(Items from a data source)
----------

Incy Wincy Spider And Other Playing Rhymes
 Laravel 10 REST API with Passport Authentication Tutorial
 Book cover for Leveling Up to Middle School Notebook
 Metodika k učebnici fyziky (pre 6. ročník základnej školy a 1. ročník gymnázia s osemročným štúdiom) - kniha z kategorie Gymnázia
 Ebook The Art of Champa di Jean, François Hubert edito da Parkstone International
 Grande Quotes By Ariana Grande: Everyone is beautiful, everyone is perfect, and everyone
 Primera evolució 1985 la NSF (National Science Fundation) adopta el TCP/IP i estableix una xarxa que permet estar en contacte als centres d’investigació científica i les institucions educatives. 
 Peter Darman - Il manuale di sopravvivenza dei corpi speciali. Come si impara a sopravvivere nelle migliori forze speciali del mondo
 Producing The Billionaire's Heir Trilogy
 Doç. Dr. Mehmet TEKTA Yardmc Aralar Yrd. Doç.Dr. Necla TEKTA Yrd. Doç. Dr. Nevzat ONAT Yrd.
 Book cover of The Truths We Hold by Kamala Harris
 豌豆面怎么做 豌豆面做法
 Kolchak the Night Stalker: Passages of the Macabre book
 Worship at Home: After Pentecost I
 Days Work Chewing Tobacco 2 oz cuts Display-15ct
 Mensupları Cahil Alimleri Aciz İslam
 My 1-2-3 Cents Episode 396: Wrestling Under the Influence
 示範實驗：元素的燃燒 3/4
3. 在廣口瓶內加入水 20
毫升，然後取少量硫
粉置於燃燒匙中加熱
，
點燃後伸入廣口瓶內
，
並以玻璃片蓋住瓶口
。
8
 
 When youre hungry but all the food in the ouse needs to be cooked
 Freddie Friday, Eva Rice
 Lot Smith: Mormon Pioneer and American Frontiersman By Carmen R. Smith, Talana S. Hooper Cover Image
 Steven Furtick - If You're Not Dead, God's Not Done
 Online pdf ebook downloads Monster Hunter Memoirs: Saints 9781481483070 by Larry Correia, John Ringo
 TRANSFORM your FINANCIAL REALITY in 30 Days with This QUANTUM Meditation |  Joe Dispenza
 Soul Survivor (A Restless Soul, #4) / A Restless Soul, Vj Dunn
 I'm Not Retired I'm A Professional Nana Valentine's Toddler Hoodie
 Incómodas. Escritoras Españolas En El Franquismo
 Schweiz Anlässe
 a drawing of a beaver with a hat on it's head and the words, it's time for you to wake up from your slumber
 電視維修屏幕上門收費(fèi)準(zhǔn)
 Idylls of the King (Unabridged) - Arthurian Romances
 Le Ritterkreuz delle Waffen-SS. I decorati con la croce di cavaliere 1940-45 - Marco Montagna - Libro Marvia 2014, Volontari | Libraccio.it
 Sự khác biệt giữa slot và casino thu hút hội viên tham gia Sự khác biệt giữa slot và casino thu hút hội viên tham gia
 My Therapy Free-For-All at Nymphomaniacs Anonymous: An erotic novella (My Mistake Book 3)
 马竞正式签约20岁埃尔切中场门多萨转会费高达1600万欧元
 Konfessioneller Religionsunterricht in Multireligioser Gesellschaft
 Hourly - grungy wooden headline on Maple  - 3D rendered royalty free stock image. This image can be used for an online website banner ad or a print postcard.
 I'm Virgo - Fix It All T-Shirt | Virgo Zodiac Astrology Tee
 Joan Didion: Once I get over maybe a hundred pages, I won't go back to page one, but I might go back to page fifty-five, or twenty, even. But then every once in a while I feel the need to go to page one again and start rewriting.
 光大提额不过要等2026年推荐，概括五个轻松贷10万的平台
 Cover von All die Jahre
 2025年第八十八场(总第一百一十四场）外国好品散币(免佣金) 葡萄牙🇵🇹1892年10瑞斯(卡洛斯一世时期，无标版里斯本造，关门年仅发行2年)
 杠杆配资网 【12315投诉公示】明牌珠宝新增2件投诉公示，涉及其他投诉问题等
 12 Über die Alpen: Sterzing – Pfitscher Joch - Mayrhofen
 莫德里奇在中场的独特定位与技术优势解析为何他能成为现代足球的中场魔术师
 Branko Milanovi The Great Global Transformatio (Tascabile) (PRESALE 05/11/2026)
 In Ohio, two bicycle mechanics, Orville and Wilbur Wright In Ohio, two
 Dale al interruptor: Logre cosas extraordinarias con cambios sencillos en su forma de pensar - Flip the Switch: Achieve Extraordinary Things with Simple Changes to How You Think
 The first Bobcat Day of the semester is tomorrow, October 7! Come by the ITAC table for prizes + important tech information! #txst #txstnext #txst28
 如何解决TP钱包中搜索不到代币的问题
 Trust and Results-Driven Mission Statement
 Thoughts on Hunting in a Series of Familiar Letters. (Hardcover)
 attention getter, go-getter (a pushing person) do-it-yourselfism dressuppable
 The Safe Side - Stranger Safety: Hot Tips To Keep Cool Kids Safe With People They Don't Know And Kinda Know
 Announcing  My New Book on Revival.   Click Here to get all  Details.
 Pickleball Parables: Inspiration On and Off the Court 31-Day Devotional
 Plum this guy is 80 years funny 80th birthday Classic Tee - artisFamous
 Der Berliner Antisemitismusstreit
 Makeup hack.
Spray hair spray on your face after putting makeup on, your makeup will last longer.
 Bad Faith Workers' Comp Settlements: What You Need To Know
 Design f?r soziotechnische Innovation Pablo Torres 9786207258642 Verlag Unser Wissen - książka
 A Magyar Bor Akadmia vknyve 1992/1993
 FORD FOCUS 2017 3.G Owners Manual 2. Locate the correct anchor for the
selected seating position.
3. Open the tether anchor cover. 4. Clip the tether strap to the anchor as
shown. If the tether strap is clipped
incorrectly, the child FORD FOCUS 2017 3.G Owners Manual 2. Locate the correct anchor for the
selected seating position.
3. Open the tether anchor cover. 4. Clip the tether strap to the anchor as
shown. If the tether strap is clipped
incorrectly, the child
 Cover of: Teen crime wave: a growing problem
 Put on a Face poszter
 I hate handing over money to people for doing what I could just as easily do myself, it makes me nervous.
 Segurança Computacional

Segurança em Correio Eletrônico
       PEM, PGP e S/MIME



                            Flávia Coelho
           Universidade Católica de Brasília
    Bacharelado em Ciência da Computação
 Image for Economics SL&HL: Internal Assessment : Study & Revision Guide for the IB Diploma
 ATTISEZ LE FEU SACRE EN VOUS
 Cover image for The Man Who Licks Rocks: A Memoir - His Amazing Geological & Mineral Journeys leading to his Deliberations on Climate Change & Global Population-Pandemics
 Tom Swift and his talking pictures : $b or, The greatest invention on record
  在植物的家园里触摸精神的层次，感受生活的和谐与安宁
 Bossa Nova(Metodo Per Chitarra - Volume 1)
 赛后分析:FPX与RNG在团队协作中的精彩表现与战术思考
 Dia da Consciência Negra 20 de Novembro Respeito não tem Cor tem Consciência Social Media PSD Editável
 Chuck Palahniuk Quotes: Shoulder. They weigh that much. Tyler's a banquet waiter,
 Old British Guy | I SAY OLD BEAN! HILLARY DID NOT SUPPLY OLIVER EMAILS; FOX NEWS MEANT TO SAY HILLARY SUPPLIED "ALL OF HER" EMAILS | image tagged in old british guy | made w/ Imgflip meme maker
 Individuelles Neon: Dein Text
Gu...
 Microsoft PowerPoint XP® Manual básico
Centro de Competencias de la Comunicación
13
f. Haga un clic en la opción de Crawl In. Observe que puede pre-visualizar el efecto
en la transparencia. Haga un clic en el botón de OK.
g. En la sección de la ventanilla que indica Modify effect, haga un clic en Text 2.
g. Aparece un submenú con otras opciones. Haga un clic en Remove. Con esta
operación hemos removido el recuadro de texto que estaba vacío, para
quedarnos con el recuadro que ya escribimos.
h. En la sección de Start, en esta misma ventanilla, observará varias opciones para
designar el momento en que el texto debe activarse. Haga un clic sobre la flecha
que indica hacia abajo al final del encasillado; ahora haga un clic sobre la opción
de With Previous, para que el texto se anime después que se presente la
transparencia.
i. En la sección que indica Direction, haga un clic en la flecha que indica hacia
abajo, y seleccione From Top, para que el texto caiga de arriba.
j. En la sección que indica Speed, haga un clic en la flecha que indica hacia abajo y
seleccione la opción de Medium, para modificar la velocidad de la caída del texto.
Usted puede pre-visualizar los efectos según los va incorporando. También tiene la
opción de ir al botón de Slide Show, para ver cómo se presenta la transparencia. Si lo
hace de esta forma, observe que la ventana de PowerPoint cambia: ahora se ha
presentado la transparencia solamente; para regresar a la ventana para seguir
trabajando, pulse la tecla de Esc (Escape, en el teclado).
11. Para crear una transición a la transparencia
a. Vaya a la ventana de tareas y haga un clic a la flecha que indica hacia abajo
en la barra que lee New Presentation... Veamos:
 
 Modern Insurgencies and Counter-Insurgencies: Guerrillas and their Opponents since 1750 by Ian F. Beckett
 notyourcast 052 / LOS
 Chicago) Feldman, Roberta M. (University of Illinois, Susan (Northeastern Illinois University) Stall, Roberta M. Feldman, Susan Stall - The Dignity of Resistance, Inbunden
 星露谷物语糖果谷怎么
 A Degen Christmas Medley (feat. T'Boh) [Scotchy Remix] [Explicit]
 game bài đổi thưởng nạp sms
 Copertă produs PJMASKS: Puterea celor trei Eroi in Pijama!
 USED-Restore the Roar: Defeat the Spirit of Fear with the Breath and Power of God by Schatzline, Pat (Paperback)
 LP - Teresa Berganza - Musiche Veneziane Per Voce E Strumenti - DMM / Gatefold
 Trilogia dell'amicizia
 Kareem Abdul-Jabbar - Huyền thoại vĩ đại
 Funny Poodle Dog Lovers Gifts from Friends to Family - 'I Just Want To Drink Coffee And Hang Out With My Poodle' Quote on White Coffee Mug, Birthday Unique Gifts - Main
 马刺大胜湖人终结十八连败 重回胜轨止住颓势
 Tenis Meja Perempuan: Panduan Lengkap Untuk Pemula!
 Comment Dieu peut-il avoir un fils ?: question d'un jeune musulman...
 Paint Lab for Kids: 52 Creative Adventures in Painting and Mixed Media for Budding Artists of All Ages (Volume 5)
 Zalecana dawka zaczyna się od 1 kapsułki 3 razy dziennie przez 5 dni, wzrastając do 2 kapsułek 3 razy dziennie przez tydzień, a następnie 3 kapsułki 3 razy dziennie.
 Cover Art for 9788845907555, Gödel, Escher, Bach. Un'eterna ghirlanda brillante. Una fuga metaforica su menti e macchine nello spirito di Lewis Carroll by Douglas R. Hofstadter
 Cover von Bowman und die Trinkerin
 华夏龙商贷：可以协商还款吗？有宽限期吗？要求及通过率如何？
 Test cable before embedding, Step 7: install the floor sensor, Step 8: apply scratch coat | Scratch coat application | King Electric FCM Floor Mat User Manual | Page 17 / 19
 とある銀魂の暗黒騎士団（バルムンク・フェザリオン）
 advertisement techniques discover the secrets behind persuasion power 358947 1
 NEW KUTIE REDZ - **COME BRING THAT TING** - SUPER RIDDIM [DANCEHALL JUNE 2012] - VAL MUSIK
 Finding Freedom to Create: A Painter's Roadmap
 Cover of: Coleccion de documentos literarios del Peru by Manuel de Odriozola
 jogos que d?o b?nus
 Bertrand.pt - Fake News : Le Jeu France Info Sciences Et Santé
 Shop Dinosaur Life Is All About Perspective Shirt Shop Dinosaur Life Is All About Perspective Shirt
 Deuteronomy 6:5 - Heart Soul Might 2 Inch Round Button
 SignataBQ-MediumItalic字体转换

----------

What you are asked to do: Lines from the one containing "Finding Freedom to" to the last line above, both included: copy these exactly and write nothing else.

Solution to the exercise:
 Finding Freedom to Create: A Painter's Roadmap
 Cover of: Coleccion de documentos literarios del Peru by Manuel de Odriozola
 jogos que d?o b?nus
 Bertrand.pt - Fake News : Le Jeu France Info Sciences Et Santé
 Shop Dinosaur Life Is All About Perspective Shirt Shop Dinosaur Life Is All About Perspective Shirt
 Deuteronomy 6:5 - Heart Soul Might 2 Inch Round Button
 SignataBQ-MediumItalic字体转换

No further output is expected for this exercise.